Mwalimu, Brother- Elder
Kofi Awoonor
Cultured Us…
to Ask Questions!
Indeed…
The “Canoe”* Has Arrived.
Paddle On… To the Other Side,
Brother-Elder Kofi Awoonor.
Worthy of Touching their Faces…
Dancing… with the Ancestors… Beyond Infinite, Golden Sunsets
May Peace Be Your Guide and Abode,
Àṣẹ… Àṣẹ… Àṣẹ… Àṣẹ… Àṣẹ…
Àṣẹ… Àṣẹ… Àṣẹ… Àṣẹ…
Àṣẹ… Àṣẹ… Àṣẹ…
Àṣẹ… Àṣẹ…
Àṣẹ…
“Look for a canoe* for me/That I go home in it/Look for it/The lagoon waters are in storm/And the hippos are roaring/But I will cross the river/And go beyond…”
…
“… I heard the voice of a gun/I came to have a look/Who are those?/Who are those saying/They have surplus gunpowder*/And so we cannot have peace?”
Prof. Kofi Awoonor from his poem “I Heard a Bird Cry”
Kerubo Abuya
Nairobi. 26th September 2013
There are few people that can make a first impression so lasting that it makes you see your craft in a whole new light.
I first became aware of Prof. Kofi Awoonor when I heard that he was to speak and have a masterclass at the Storymoja Hay Festival. I became interested in his work after reading a study of his work, ‘This Earth, My Brother’.

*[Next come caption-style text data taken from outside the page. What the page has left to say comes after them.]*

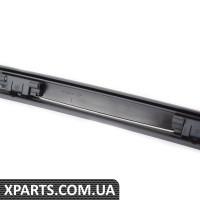 Молдинг на даху - лівий BMW 51137221817
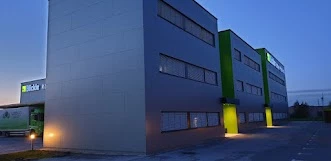 Loogo Umzug Salzburg e.U._1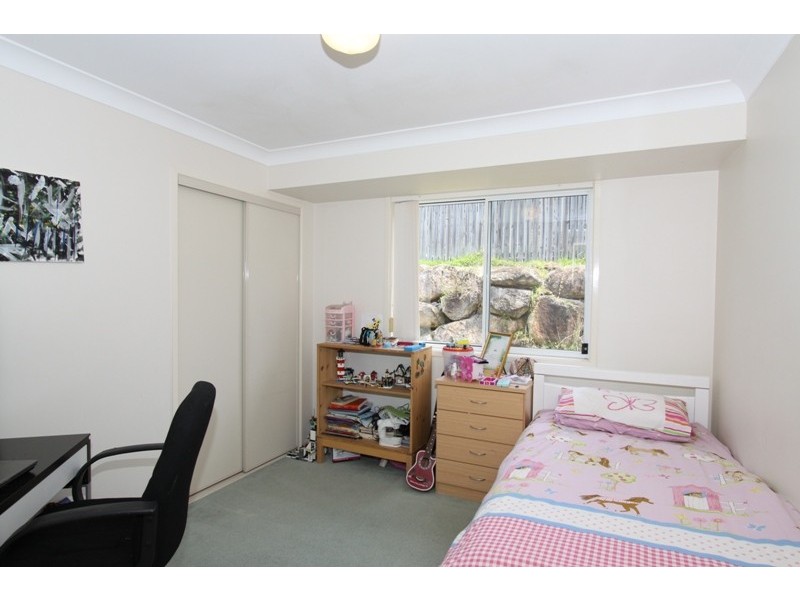 1 Marshall Place, Ferny Grove QLD 4055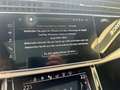 Audi Q7 50 3.0 TDI quattro S line+AHK+LUFT+PANO+HEAD-UP... Schwarz - thumbnail 20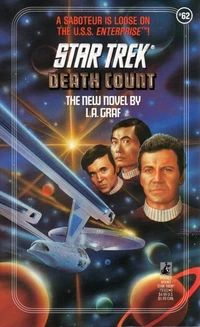 Death Count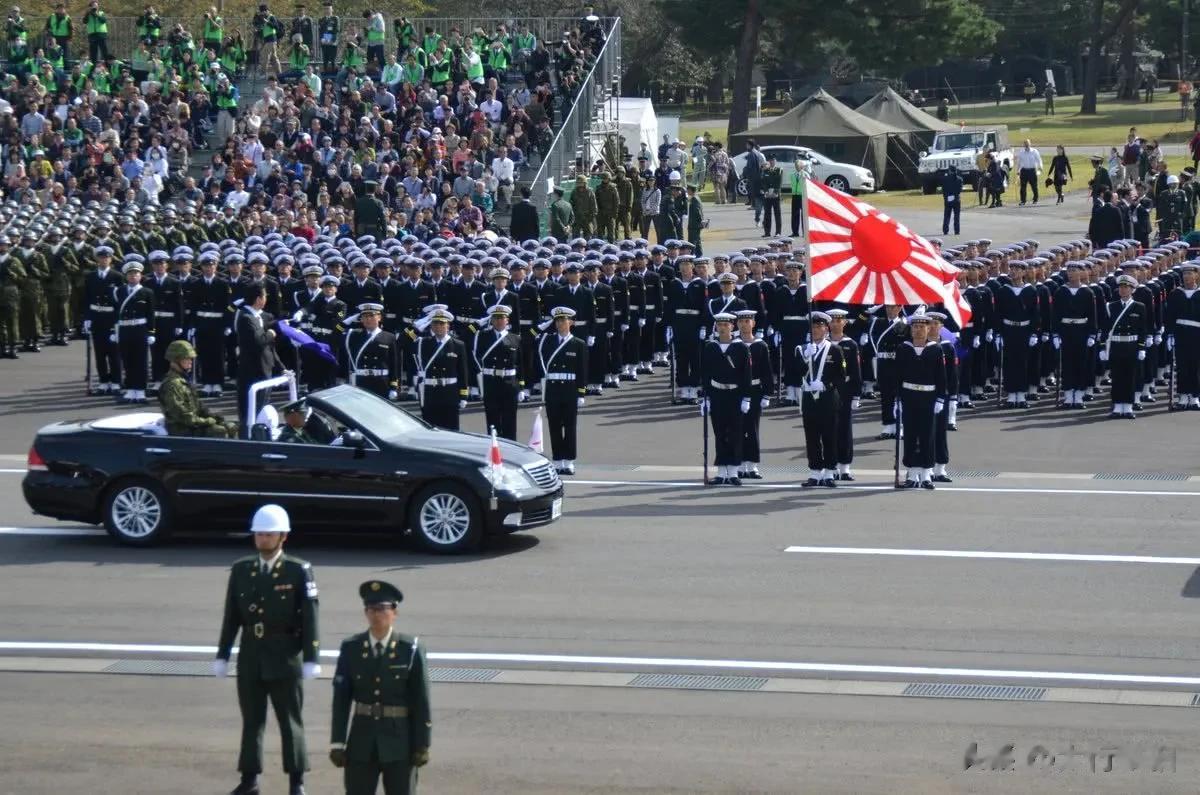 4月1日、2日，日本外相林芳正访华访华结束后就动身前往比利时布鲁塞尔参加北约外长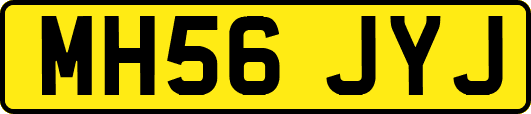 MH56JYJ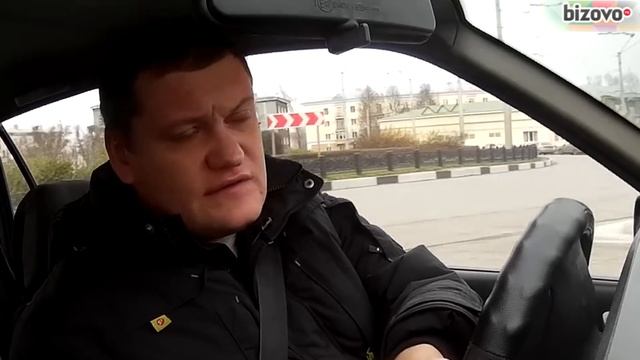 Честный обзор автомобиля Daewoo Nexia 2011 года выпуска Автоотзывы с автомобильного сайта bizovo.ru смотреть онлайн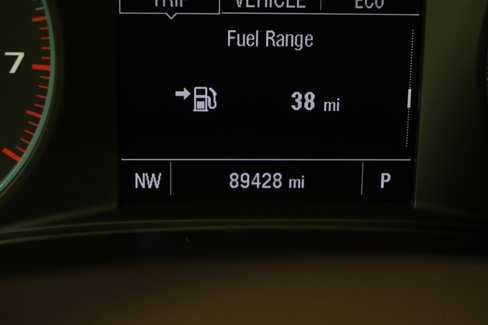 Used 2023 Chevrolet Malibu LT image 25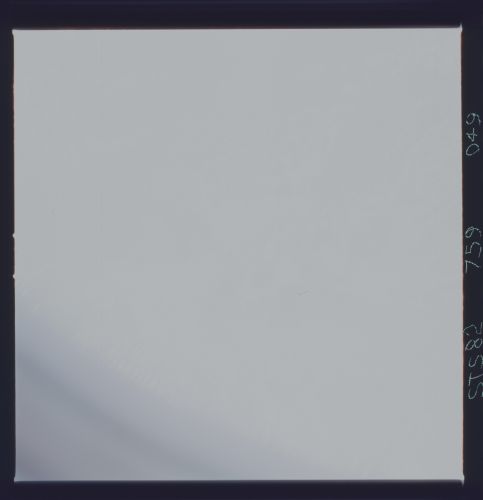 Browse image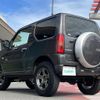 suzuki jimny 2014 -SUZUKI--Jimny ABA-JB23W--JB23W-707221---SUZUKI--Jimny ABA-JB23W--JB23W-707221- image 15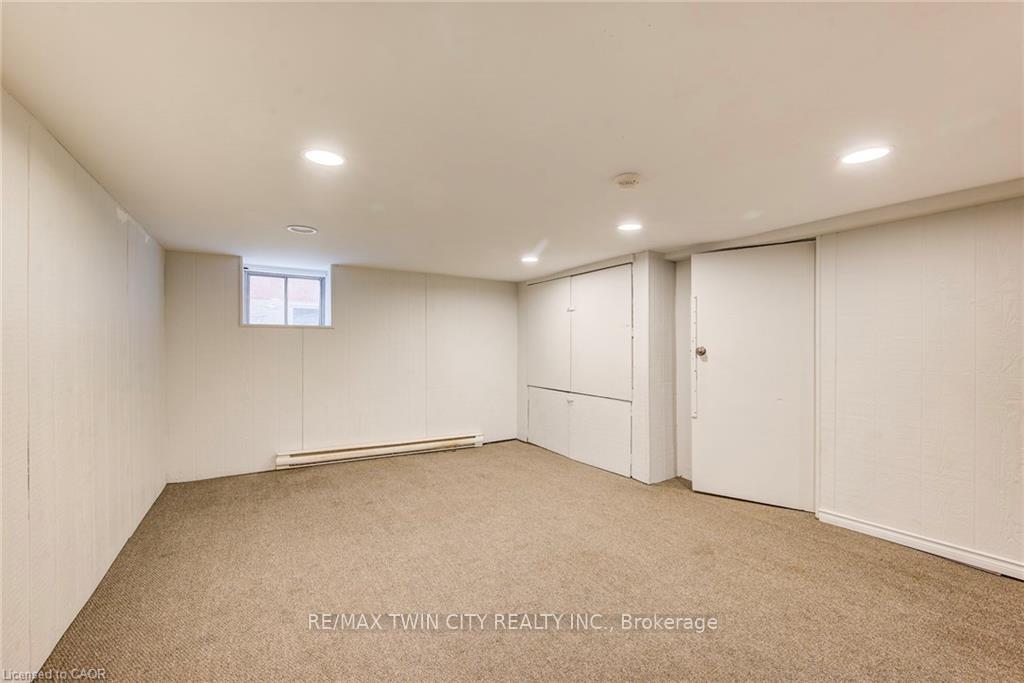 Photo 29 of 19 Schneider Avenue, Kitchener — HOMEH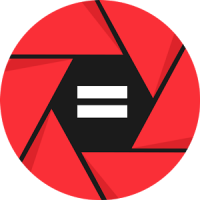 AutoMath Photo Calculator (App ถ่ายรูป แก้สมการคณิต)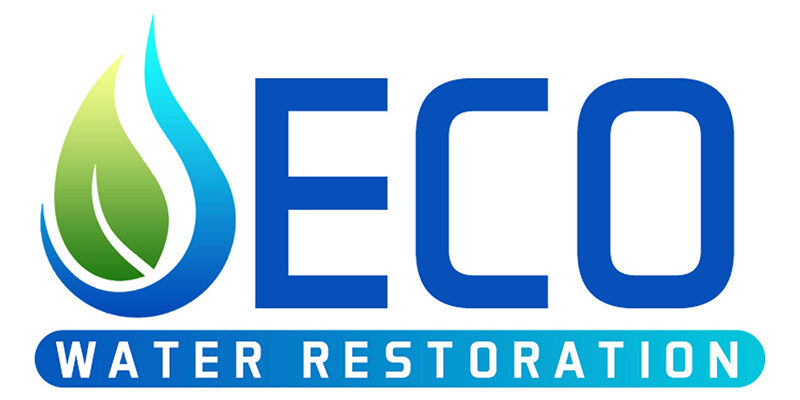 Eco Water Restoration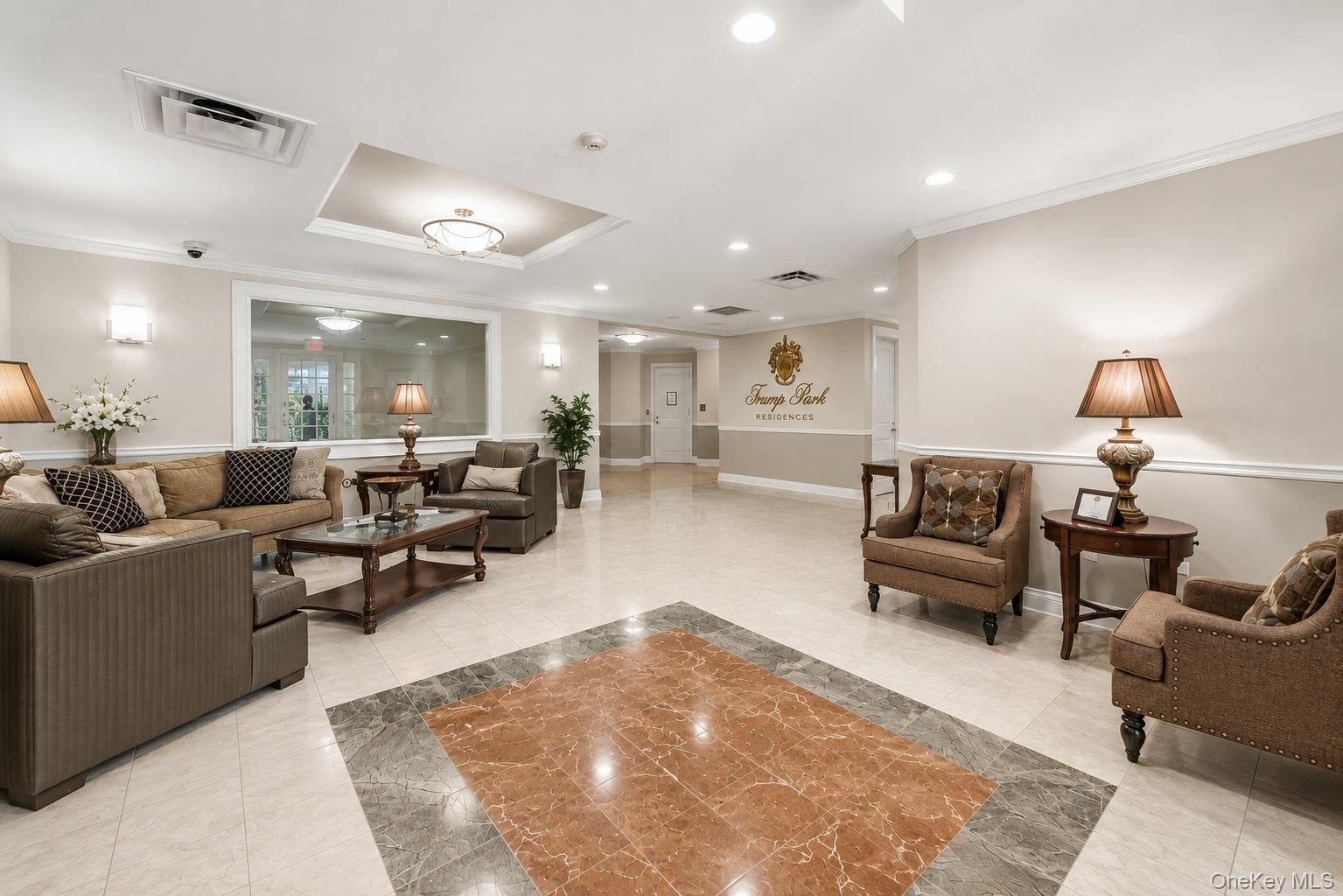 323 Trump Park Property Photo 40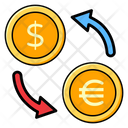 پیش‌نمایش فایل currency-exchange-2074550 از پک کسب و کار و امور مالی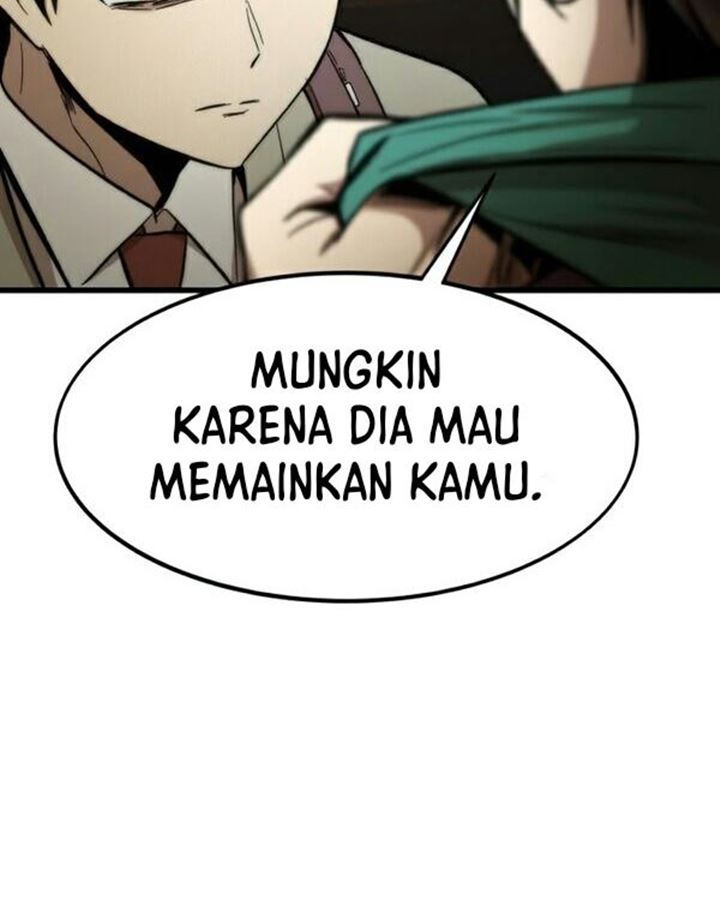 Ultra Alter Chapter 22 - halaman 71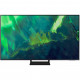 Телевізор Samsung QE75Q70AAUXUA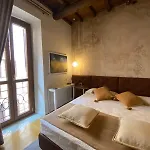 Condotti 4* Rome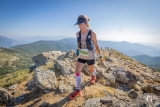 ORIENTE-26-0180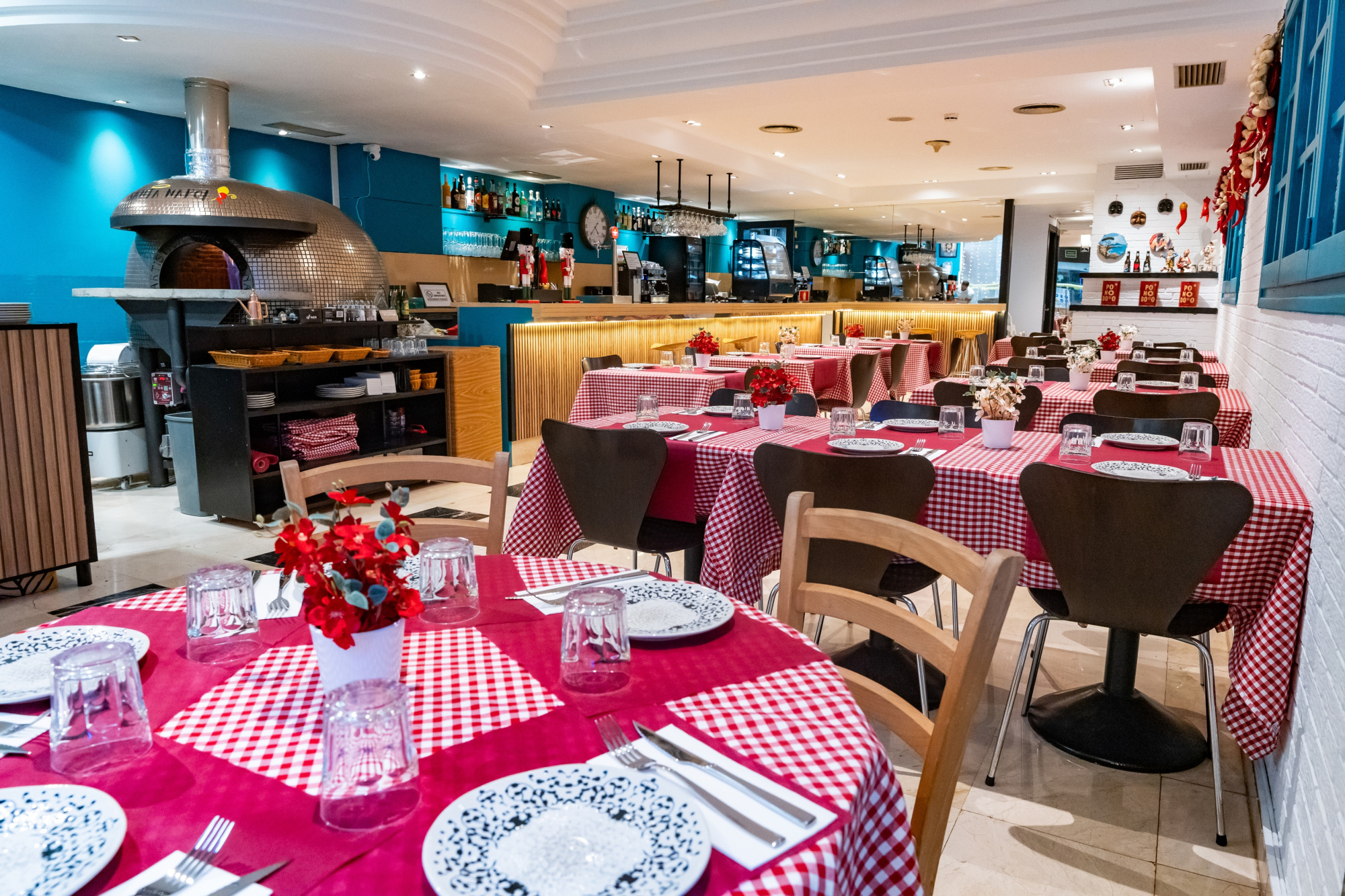 Hotel Gran Derby 4* Barcelona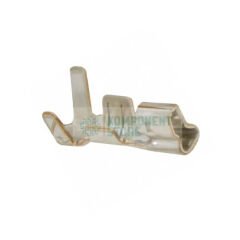 SXA-01T-P0.6
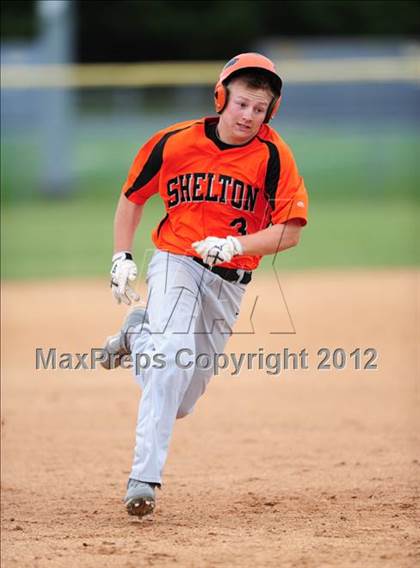 Thumbnail 3 in Shelton @ East Haven photogallery.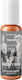 Face Hair Body Mist Peirasmoi 150ml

His masterclass on ‘The Responsibility of the African Writer’ was especially revealing. Here was a man who had written longer than my country had been independent. He represented a link with the past, with the age-old traditions of singing and performing poetry that are now classified dryly as ‘Oral Literature’. The fact that these poems and songs of Africa have influenced genres as varied as spoken word, hip hop and rap show that African literature has a profound contribution to make to the rest of the world.
He was a man who found humour in everything, even in the fact that his name had been misspelt in the event programme.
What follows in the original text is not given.